The new services are aimed at helping mid-market companies move toward a more agile infrastructure. Digital Fortress said that it uses best practices, standardization, and automation to monitor new and existing workloads across IT infrastructure – wherever it is.
The service is comprised of monitoring, resolution, and optimization. Digital Fortress staff provides round-the-clock support to identify abnormalities or activity that could impact system health and performance. The company said its staff quickly attend to incidents, and documents them so they can be resolved quicker. And Digital Fortress will also optimize infrastructure and services based on advanced reporting tools, and help determine which cloud services are optimal based on performance and cost.

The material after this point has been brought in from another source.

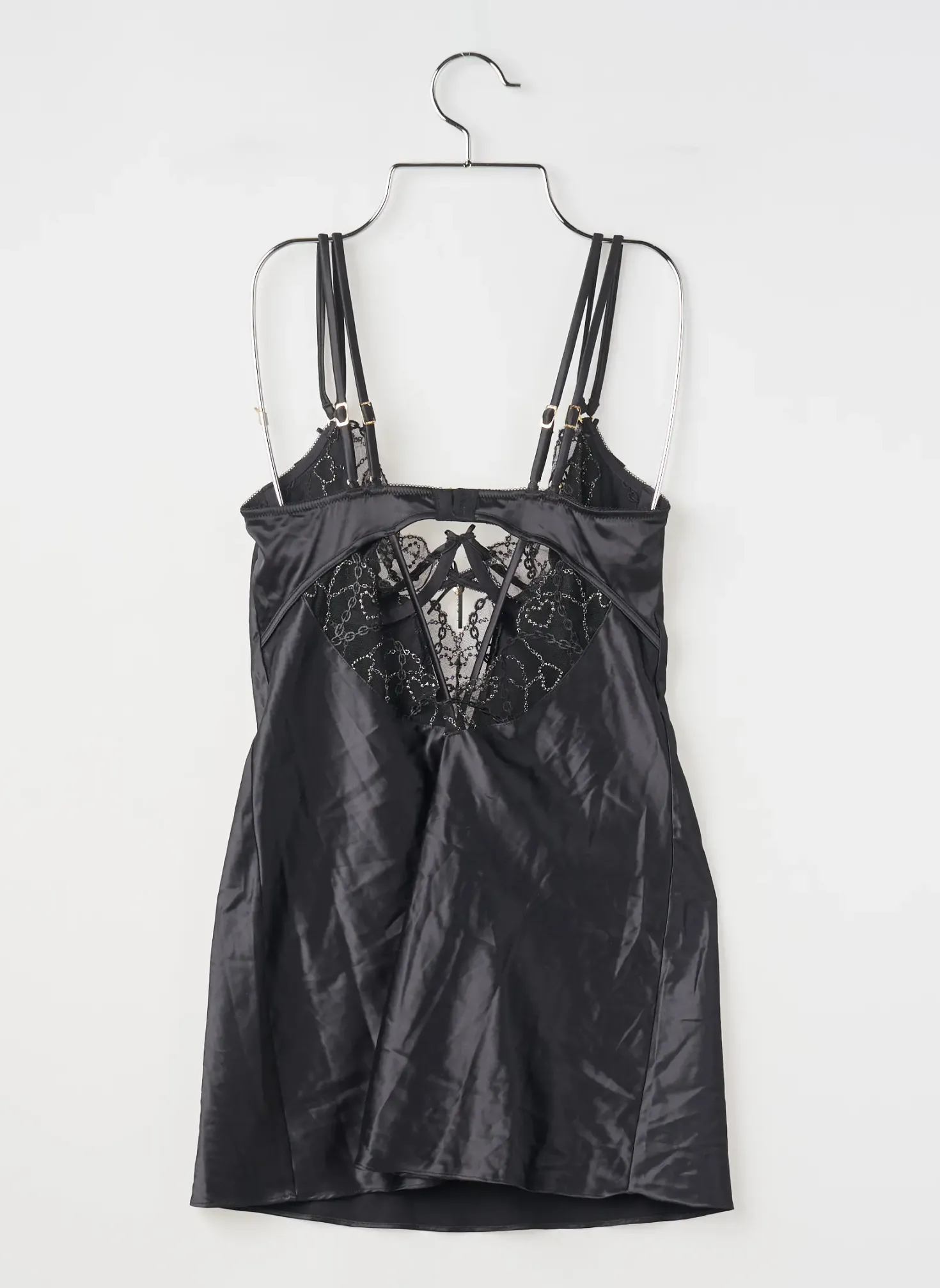 Nuisette/combinette Lounge Noir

Mid-Market Clients Dabbling in Public Cloud
“One of the things we’ve realized is almost every single one of our customers in the mid-market is looking at implementing something that leverages the public cloud or they’ve already moved workloads out of our colocation facility,” Digital Fortress CEO Matt Gerber told The WHIR. “So, what we did about six months ago was we made a decision that it would be in our customers’ best interest and in our best interest to figure out a way for them to do that.”
While mid-market CIOs look to public cloud services to reduce their hosting costs and increase their agility, it also requires new skillsets and staff able to run these new infrastructures.

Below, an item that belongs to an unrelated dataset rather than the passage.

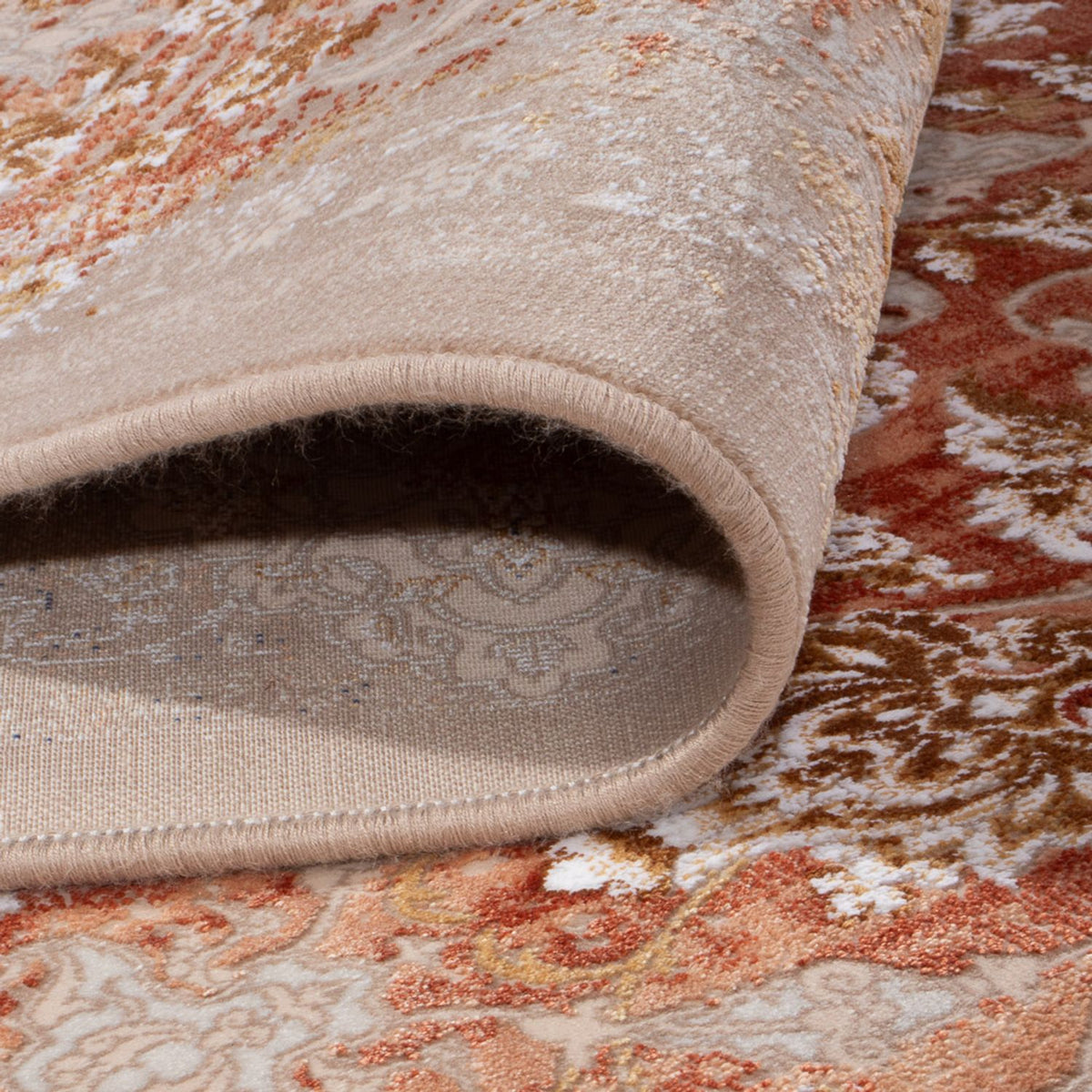 Oriental Woven Rug - 350 x 250 cm - dark beige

As a colocation provider, Digital Fortress had to bulk up its skills and staff to handle infrastructure outside of its data centers. “We had to hire a lot of really smart people who were AWS certified,” Gerber said. “We’re also changing the way we’ve structured our NOCs and we will have all of our Level 1 NOC technicians will complete an AWS assessment, and Level 2 NOC technicians will be system-operations certified to support both Azure and AWS environments.”

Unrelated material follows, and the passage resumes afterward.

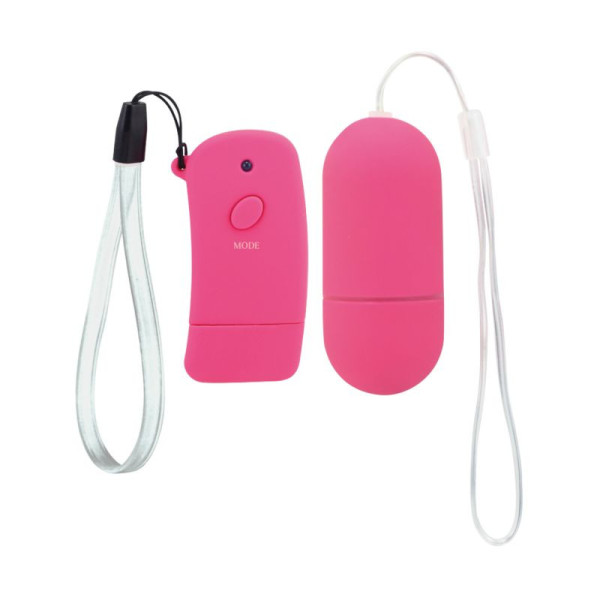 Ροζ δονητής egg remote control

The company is already an Azure-certified partner, and is working to get employees certified in Azure. “It’s a lot of training,” he said.
He said that Digital Fortress’s Hybrid Infrastructure Management services also require a deeper relationship with customers than with traditional colocation.
“The traditional colocation business provides a ‘warm hands’ service,” he said. “But warm hands doesn’t involve monitoring the customer’s infrastructure 24/7 so there will be a much more intimate relationship with our customers because they’re essentially giving us the keys to their IT kingdom where we’re becoming a trusted partner and it will be our eyes on their infrastructure 24/7.”
The company has been building and testing its capabilities and procedures for the past three months with a pilot program involving select customers.
Colo Providers Need to Evolve
In many ways, the agility provided by public cloud services has been forcing colocation providers to evolve to remain relevant.
“You’re going to have to go one of two ways to remain relevant as a colocation provider – either you compete on scale and have to get very big very fast and service very large wholesale and enterprise colocation customers; or if you’re like us, you have to stay relevant by catering to the customers’ needs and moving up the stack,” Gerber said.
“We’ve seen in the last year a lot of regional, traditional colocation providers move up the stack but we feel a thing that they’re missing is the competency and the skillset to provide the public-cloud tie. When you look at what their customers are doing, the customers really want the ability to leverage the big public clouds in addition to private cloud providers too.” Digital Fortress’ new managed services seems to allow it to do just that.